Avellino

I dati intermedi di uno studio in fase 3 dimostrano la possibilità che semaglutide possa trovare impiego nella terapia della steatoepatite non alcolica. La risoluzione della malattia è stata ottenuta dopo 72 settimane di trattamento in quasi il 30% dei pazienti in rapporto al placebo. L’esperienza durerà in totale 240 settimane.

Questi risultati sono stati evidenziati dalla rivista scientifica “New England Journal of Medicine”. Semaglutide, agonista del recettore del peptide-1 di tipo glucagone (GLP-1), è un candidato per il trattamento della steatoepatite non alcolica di origine metabolica (MASH). In uno studio di fase 3, multicentrico, randomizzato, in doppio cieco e controllato con placebo, 1197 pazienti affetti da una MASH diagnosticata con biopsia, e con una fibrosi in stadio 2 o 3, sono stati ripartiti secondo una ratio 2:1 per ricevere semaglutide sottocute una volta alla settimana alla dose di 2,4 mg, o un placebo, il tutto durante 240 settimane (circa 4,5 anni).
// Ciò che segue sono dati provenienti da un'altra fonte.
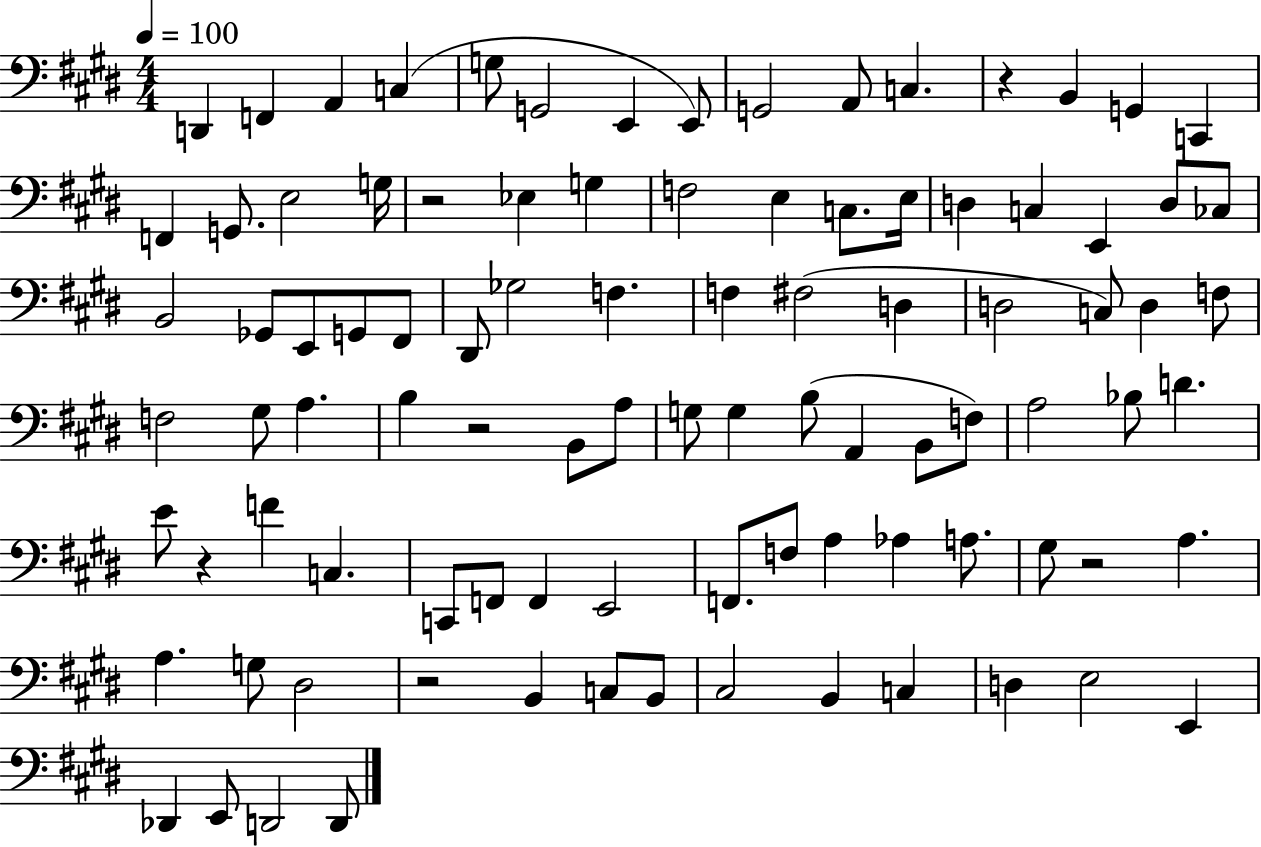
X:1
T:Untitled
M:4/4
L:1/4
K:E
D,, F,, A,, C, G,/2 G,,2 E,, E,,/2 G,,2 A,,/2 C, z B,, G,, C,, F,, G,,/2 E,2 G,/4 z2 _E, G, F,2 E, C,/2 E,/4 D, C, E,, D,/2 _C,/2 B,,2 _G,,/2 E,,/2 G,,/2 ^F,,/2 ^D,,/2 _G,2 F, F, ^F,2 D, D,2 C,/2 D, F,/2 F,2 ^G,/2 A, B, z2 B,,/2 A,/2 G,/2 G, B,/2 A,, B,,/2 F,/2 A,2 _B,/2 D E/2 z F C, C,,/2 F,,/2 F,, E,,2 F,,/2 F,/2 A, _A, A,/2 ^G,/2 z2 A, A, G,/2 ^D,2 z2 B,, C,/2 B,,/2 ^C,2 B,, C, D, E,2 E,, _D,, E,,/2 D,,2 D,,/2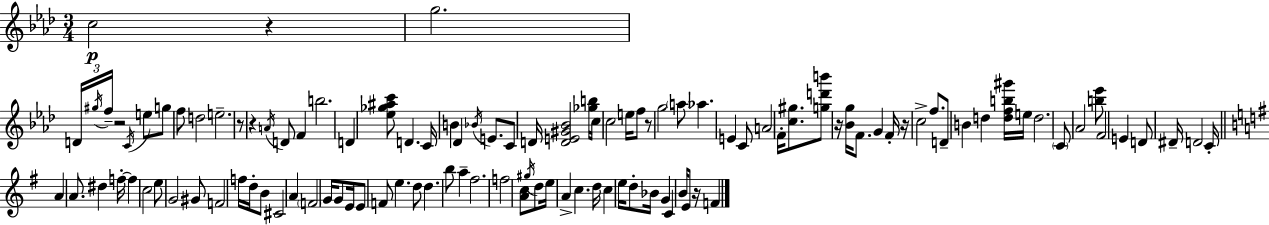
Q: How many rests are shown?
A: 8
Sono stati pubblicati i risultati di un’analisi intermedia pianificata, realizzata dopo 72 settimane e riguardante gli 800 primi pazienti.

I criteri principali di valutazione erano la risoluzione della steatoepatite senza aggravamento della fibrosi epatica, e la riduzione della fibrosi epatica senza aggravamento della steatoepatite. La risoluzione della steatoepatite senza aggravamento della fibrosi è avvenuta nel 62,9% dei 534 pazienti del gruppo semaglutide e nel 34,3% dei 266 pazienti del gruppo placebo.

Una riduzione della fibrosi epatica senza aggravamento della steatoepatite è stata rapportata nel 36,8% dei pazienti del gruppo semaglutide e nel 22,4% di quelli del gruppo placebo. Per quanto riguarda i criteri secondari una risoluzione combinata della steatoepatite e della fibrosi epatica è stata rapportata nel 32.7% dei pazienti del gruppo semaglutide e nel 16,1% di quelli del gruppo placebo. La variazione media del peso corporeo era di meno 10,5% con semaglutide, e di meno 2% con placebo.